** EXTRACTED DATA follows **

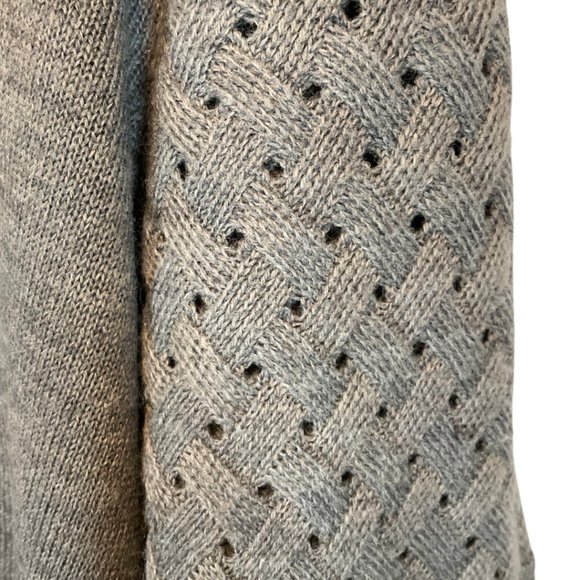 Ladies Size XL - Grey Knit Long Sleeve Sweater w/ Lattice Weave Details - Picture 2 of 2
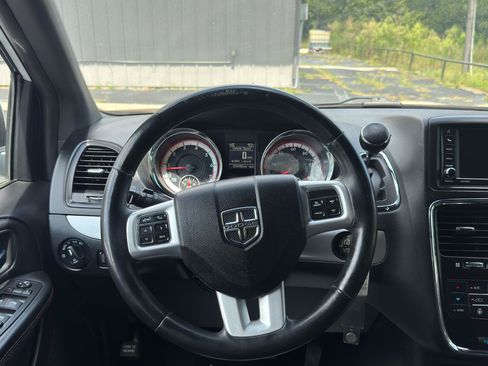 Used 2019 Dodge Grand Caravan GT FWD image 19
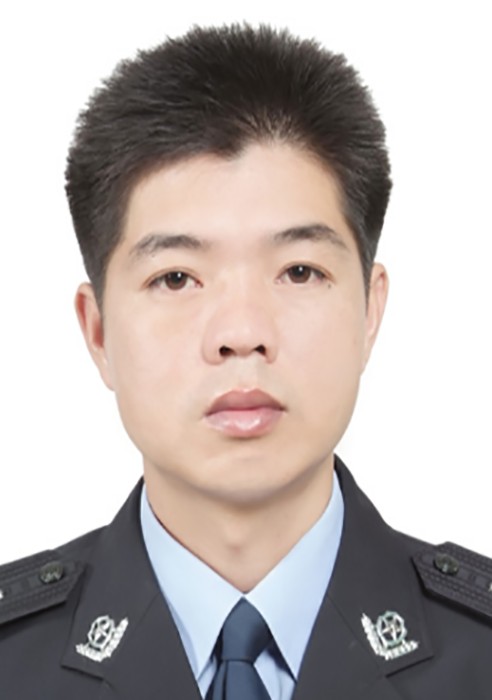 罗文（江西省赣州市寻乌县公安局党委委员、副局长）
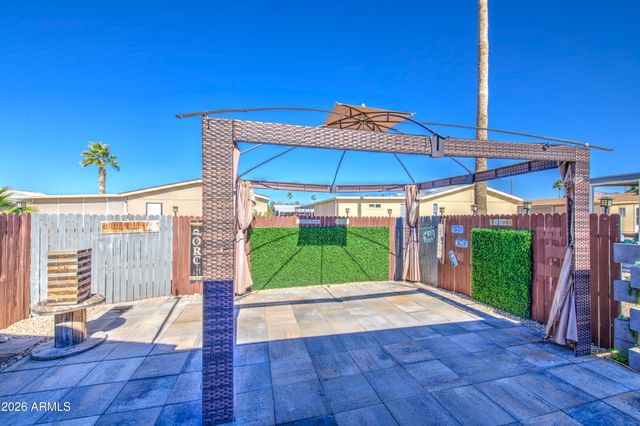 2208 W BASELINE Avenue 76, Apache Junction, AZ 85120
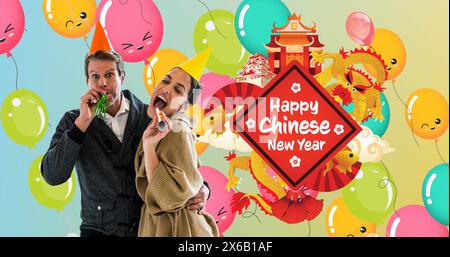 Image du texte du nouvel an chinois heureux dans plus de la fête de couple et des ballons en arrière-plan Banque D'Images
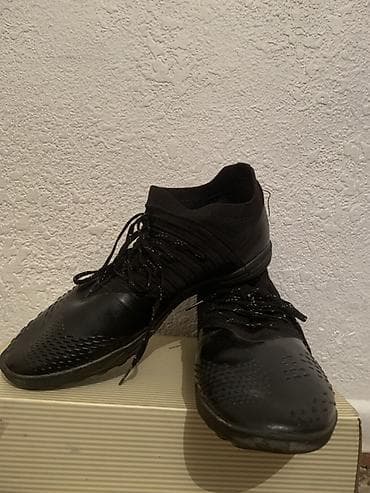 купить предаторы бутсы: Футбольные бутсы/сороконожки Puma (логотип Puma на пятке, черный цвет — 3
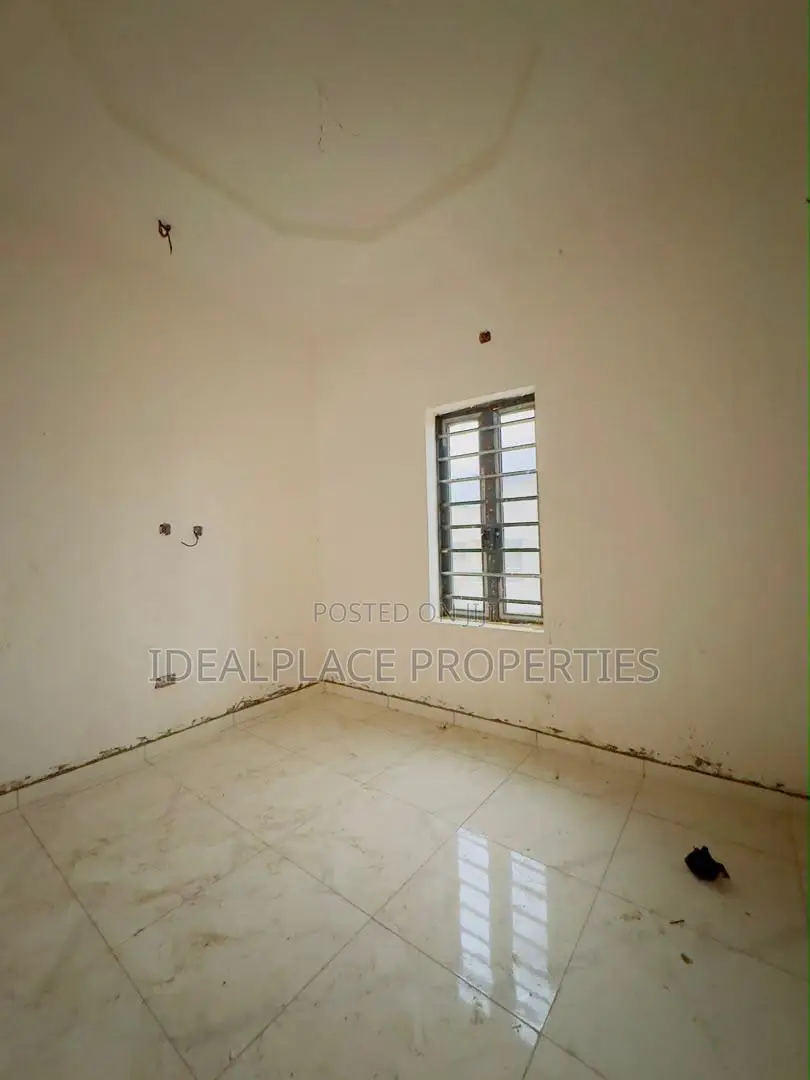 4bdrm Duplex in Berger for sale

** End of EXTRACTED DATA **

- **PROBLEM TO SOLVE**
What is needed is an exact repeat of the lines from the one containing "2208 W BASELINE" through the last line of the records above, both included, with pictures left out.

- **ANSWER BOX**
 2208 W BASELINE Avenue 76, Apache Junction, AZ 85120
 Image du texte du nouvel an chinois heureux dans plus de la fête de couple et des ballons en arrière-plan Banque D'Images
 купить предаторы бутсы: Футбольные бутсы/сороконожки Puma (логотип Puma на пятке, черный цвет — 3
 4bdrm Duplex in Berger for sale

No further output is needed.